Oder, um ohne Bild zu sprechen: der Widerspruch zwischen Zweck und Mittel, zwischen Intention und Ausführung wird um so greller hervortreten, um so peinlicher berühren, je tiefer der Dichter die Unversöhnlichkeit der Gegensätze, welche sich im menschlichen Leben unablässig einander bekämpfen, in dem eigenen leidenschaftlichen Herzen empfindet; je inniger er bemüht gewesen ist, diesen Kampf auf seinen einfachsten tragischen Ausdruck zu bringen, die letzten Consequenzen zu ziehen, das mitleidslose Facit rein herauszurechnen.
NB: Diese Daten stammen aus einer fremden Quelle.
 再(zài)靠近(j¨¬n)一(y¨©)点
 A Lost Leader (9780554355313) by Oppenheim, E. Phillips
Alle Welt ist einig in dem überaus peinlichen Eindruck, den «Nora» auf jedes Gefühl macht, das nicht einmal zart, sondern nur gesund zu sein braucht; und dieser durchaus berechtigte Eindruck ist eben die nothwendige Folge und der subjective Ausdruck jenes verhängnißvollen, in der Sache selbst liegenden Widerspruchs.

Was hat der Dichter mit der «Nora» eigentlich beabsichtigt?
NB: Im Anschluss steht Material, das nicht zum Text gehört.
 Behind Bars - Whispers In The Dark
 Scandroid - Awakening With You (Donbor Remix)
Dasselbe, was er noch mit jedem seiner Werke beabsichtigte.

«Weshalb» fragt G. Brandes in einer von Strodtmann angezogenen Stelle4 «weshalb greift Ibsen zu der wilden Tragik und dem großartigen Grausen der Völsungasage zurück, das er nur unfreiwillig und durch einen Mißgriff verringert, indem er die Heroen der Sage zu Menschen aus der späten Vorzeit herabsetzt? Um dies Bild der Gegenwart vorzuhalten, um ihr zu imponiren; um dies schwache, in Halbheit versunkene Geschlecht zu beschämen, indem er ihm die ganze Größe seiner Vorfahren weist, die Leidenschaft, welche ohne Rücksicht nach rechts und links fessellos ihrem Ziele entgegenstürmt, den Stolz und die Stärke, die karg an Worten ist, die schweigt und handelt, schweigt und duldet, schweigt und stirbt; diese Willen von Eisen, diese Herzen von Gold, Thaten, welche nach tausend Jahren noch nicht vergessen sind. Da, seht euch im Spiegel!»
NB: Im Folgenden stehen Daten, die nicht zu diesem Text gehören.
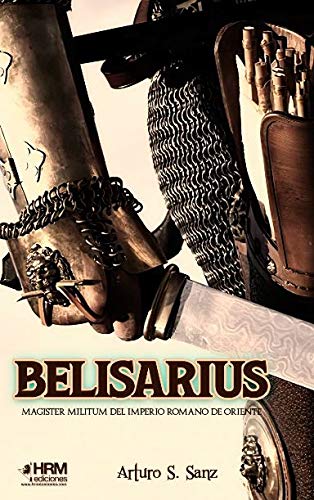 Libro: Belisarius: Magister Militum del Imperio Romano de Oriente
Der Spiegel hängt vielleicht etwas niedriger, aber doch noch immer zwischen Himmel und Erde in dem dramatischen Gedichte «Brand»,5 das Strodtmann «eine Schöpfung» nennt, «die sich an Gedankentiefe einzig mit Goethes Faust vergleichen läßt, der es aber leider mehrfach an Klarheit und Verständlichkeit der Motive fehlt.» Ich gestehe, daß mir der Vergleich mit Faust etwas sehr gewagt erscheint; um so stichhaltiger ist der daran geknüpfte Vorwurf. Aber auch freilich nur, wenn man ihn auf die Einzelheiten bezieht; im Großen und Ganzen sind die Motive des Helden vollkommen klar und verständlich. Oder vielmehr das Motiv, denn er hat nur Eins, aus dem sein Denken und sein Handeln mit Nothwendigkeit resultirt: den energischen, durch keinen Widerspruch der stumpfen Welt, durch kein Mißgeschick, durch kein grausigstes Unglück, das ihn trifft, zu beugenden Willen, sich zu Gott durchzuringen, von dem geschrieben steht: «Du sollst anbeten Gott, deinen Herrn, und ihm allein dienen»; und abermals: «Darum sollt ihr vollkommen sein, gleichwie euer Vater im Himmel vollkommen ist.» So, in strengster heiligster Uebung des Gebotes, sorgt denn auch der Held nicht für sein Leben und nicht für seinen Leib; er sorgt nur für die Heerde, die ihm anvertraute, die stumpfe Heerde, die ihn Mutter und Weib und Kind und Alles opfern läßt, um ihn hinauszustoßen in die heulende Wildniß, wo die Schneelawine sich über ihn wälzt, aus der er, bevor sie ihn vollends begräbt, noch seinen Klageschrei zum Himmel ruft:

Gieb mir Antwort, Gott, im Sterben:
Kann uns Rettung nicht erwerben
Manneswille quantum satis ?

worauf die «Stimme von oben» antwortet:

Er ist Deus caritatis.

Man sieht, die Lösung des Räthsels ist wie bei Faust in den Himmel verlegt, weil dort, wie hier, die Erde keine zu bieten scheint. Denn wenn der Mensch irrt, so lange er strebt, und strebt, so lange er lebt, so irrt er eben, so lange er lebt, und ist aus diesem verhängnißvollen Cirkel kein Ausweg, und die bösen Pessimisten behaupten, daß eben darum das Leben selbst der Grundirrthum ist, aus dem uns nicht einmal der gemeine landläufige Tod, sondern nur jenes mystische Nirwana-Sterben erlösen kann.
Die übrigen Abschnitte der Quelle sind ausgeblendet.